___ The data ___
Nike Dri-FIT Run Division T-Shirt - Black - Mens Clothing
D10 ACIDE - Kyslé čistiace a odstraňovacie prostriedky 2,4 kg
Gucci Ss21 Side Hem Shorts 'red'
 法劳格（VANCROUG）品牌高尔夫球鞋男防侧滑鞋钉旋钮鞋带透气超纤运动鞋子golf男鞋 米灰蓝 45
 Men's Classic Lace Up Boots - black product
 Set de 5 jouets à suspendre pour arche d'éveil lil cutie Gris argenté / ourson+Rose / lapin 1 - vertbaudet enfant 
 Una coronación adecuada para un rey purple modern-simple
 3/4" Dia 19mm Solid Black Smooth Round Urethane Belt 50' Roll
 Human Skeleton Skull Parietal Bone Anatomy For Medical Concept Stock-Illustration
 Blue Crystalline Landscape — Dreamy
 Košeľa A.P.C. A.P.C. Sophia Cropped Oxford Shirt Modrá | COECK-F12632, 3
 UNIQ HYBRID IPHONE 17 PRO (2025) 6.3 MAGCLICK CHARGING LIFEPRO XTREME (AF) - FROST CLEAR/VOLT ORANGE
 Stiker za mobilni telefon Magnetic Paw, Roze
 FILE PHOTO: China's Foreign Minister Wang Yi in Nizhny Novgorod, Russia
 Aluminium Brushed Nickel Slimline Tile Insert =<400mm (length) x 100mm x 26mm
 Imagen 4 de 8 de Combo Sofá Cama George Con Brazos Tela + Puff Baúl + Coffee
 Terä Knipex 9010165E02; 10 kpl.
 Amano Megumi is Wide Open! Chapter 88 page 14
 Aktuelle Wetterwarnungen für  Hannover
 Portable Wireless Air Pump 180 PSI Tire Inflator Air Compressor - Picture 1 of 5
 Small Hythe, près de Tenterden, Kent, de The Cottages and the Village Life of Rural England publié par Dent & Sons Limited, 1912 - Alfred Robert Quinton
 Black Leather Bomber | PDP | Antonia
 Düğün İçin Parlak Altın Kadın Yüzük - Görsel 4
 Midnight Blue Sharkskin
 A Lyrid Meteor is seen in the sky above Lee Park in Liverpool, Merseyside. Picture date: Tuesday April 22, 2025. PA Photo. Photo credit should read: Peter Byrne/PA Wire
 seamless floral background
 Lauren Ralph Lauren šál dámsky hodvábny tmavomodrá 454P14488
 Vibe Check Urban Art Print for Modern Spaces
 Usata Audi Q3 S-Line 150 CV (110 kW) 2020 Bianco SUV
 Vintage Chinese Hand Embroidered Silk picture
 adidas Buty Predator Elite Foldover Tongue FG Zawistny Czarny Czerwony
___
▶ **Goal of the exercise**
From the listing above, output exactly the run of lines that starts with the line containing "Imagen 4 de" and ends with the line containing "A Lyrid Meteor".

▶ **Written response**
 Imagen 4 de 8 de Combo Sofá Cama George Con Brazos Tela + Puff Baúl + Coffee
 Terä Knipex 9010165E02; 10 kpl.
 Amano Megumi is Wide Open! Chapter 88 page 14
 Aktuelle Wetterwarnungen für  Hannover
 Portable Wireless Air Pump 180 PSI Tire Inflator Air Compressor - Picture 1 of 5
 Small Hythe, près de Tenterden, Kent, de The Cottages and the Village Life of Rural England publié par Dent & Sons Limited, 1912 - Alfred Robert Quinton
 Black Leather Bomber | PDP | Antonia
 Düğün İçin Parlak Altın Kadın Yüzük - Görsel 4
 Midnight Blue Sharkskin
 A Lyrid Meteor is seen in the sky above Lee Park in Liverpool, Merseyside. Picture date: Tuesday April 22, 2025. PA Photo. Photo credit should read: Peter Byrne/PA Wire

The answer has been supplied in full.